REGEXP_SUBSTR( string_expr, string_test_expr [ , start_index [ , occurence ] ] ) --> INT

Arguments

Parameter	Description
`string_expr`	String to test
`string_test_expr`	Test pattern
`start_index`	The character index offset to start counting from. Defaults to 1
`occurence`	Which occurence to search for. Defaults to 1
`return_position`	Setes the position within the string to return. Using 0, the function returns the string position of the first character of the substring that matches the pattern.
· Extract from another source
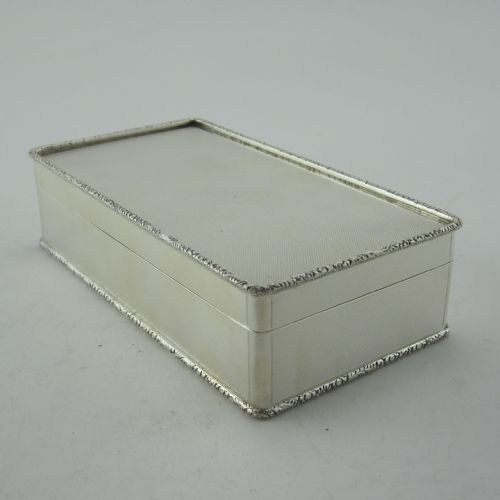 SUPERB QUALITY 495 GRAM STERLING SILVER BOX - ADDITIONAL PHOTO 4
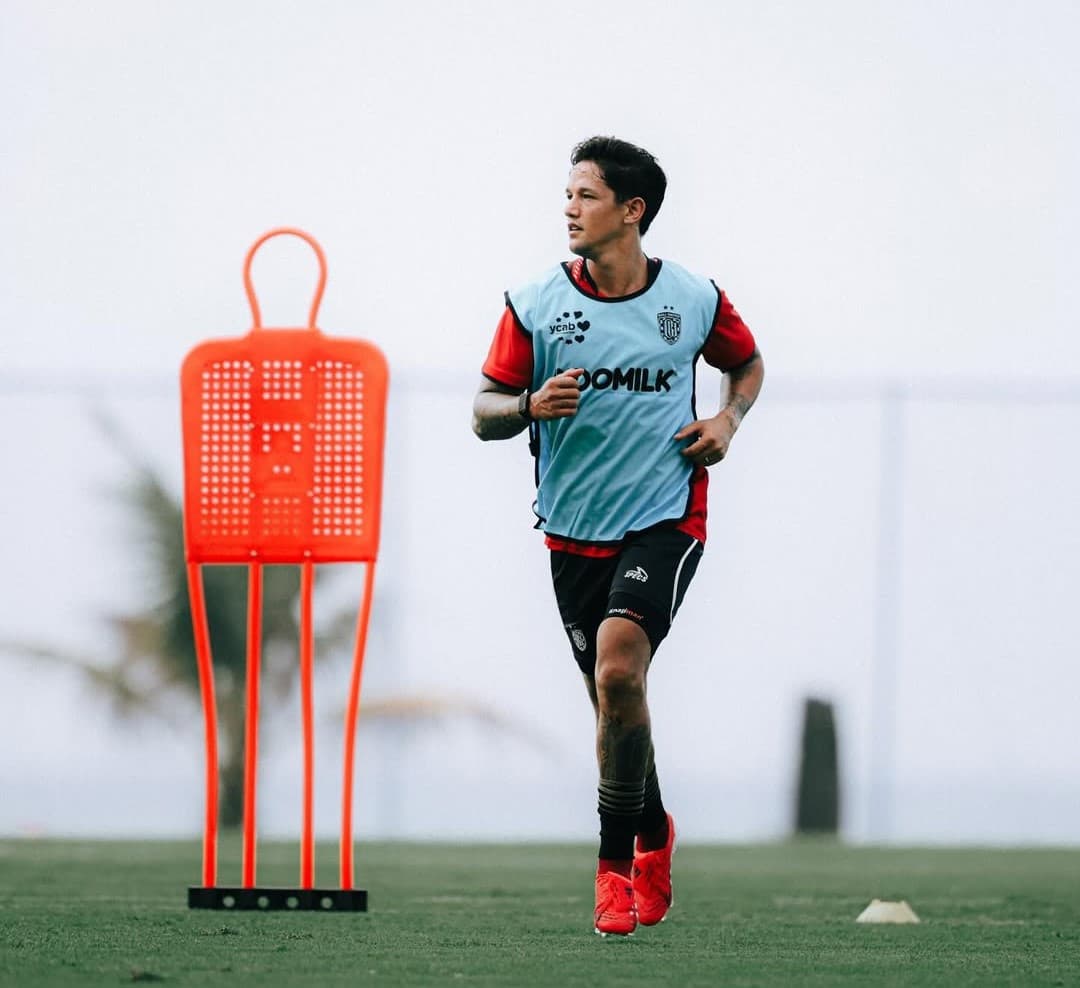 Terciduk Ikut Latihan Bareng Bali United! Irfan Bachdim Bakal Comeback dan Bikin Kejutan di Liga 1 Musim Ini? - Image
Defaults to 0

Test patterns

Pattern	Description
`^`	Match the beginning of a string
`$`	Match the end of a string
`.`	Match any character (including whitespace such as carriage return and newline)
`*`	Match the preceding pattern zero or more times
`+`	Match the preceding pattern at least once
`?`	Match the preceding pattern once at most
`de\|abc`	Match either `de` or `abc`
`(abc)*`	Match zero or more instances of the sequence `abc`
`{2}`	Match the preceding pattern exactly two times
`{2,4}`	Match the preceding pattern between two and four times
`[a-dX]`, `[^a-dX]`	Matches any character that is (or is not when negated with `^`) either `a`, `b`, `c`, `d`, or `X`. The `-` character between two other characters forms a range that matches all characters from the first character to the second. For example, [0-9] matches any decimal digit. To include a literal `]` character, it must immediately follow the opening bracket [. To include a literal - character, it must be written first or last. Any character that does not have a defined special meaning inside a [] pair matches only itself.

Returns

Returns the same type as the argument supplied, or Integer start position of a regex match, or an empty string ('') if no match was found.

Notes

The test pattern must be literal string. Column references or complex expressions are currently unsupported.
If the value is NULL, the result is NULL.

Examples

For these examples, assume a table named nba, with the following structure:

CREATE TABLE nba
(
   "Name" text(40),
   "Team" text(40),
   "Number" tinyint,
   "Position" text(2),
   "Age" tinyint,
   "Height" text(4),
   "Weight" real,
   "College" text(40),
   "Salary" float
 );

Here’s a peek at the table contents (Download nba.csv):

nba.csv
Name	Team	Number	Position	Age	Height	Weight	College	Salary
Avery Bradley	Boston Celtics	0.0	PG	25.0	6-2	180.0	Texas	7730337.0
Jae Crowder	Boston Celtics	99.0	SF	25.0	6-6	235.0	Marquette	6796117.0
John Holland	Boston Celtics	30.0	SG	27.0	6-5	205.0	Boston University
R.J. Hunter	Boston Celtics	28.0	SG	22.0	6-5	185.0	Georgia State	1148640.0
Jonas Jerebko	Boston Celtics	8.0	PF	29.0	6-10	231.0		5000000.0
Amir Johnson	Boston Celtics	90.0	PF	29.0	6-9	240.0		12000000.0
Jordan Mickey	Boston Celtics	55.0	PF	21.0	6-8	235.0	LSU	1170960.0
Kelly Olynyk	Boston Celtics	41.0	C	25.0	7-0	238.0	Gonzaga	2165160.0
Terry Rozier	Boston Celtics	12.0	PG	22.0	6-2	190.0	Louisville	1824360.0

Find players with ‘o’ in their name

nba=> SELECT "Name", REGEXP_SUBSTR("Name", '([a-zA-Z]+o[a-zA-Z]+)+') FROM nba ORDER BY 2 DESC LIMIT 10;
Name               | regexp_substr
-------------------+--------------
James Young        | Young
Thaddeus Young     | Young
Nick Young         | Young
Metta World Peace  | World
Christian Wood     | Wood
Justise Winslow    | Winslow
Wilson Chandler    | Wilson
C.J. Wilcox        | Wilcox
Shayne Whittington | Whittington
Russell Westbrook  | Westbrook

Using the `return_position` argument

Get the last name (or middle name) for players with ‘o’ in their first and last name. We set start_index to 1 (the default)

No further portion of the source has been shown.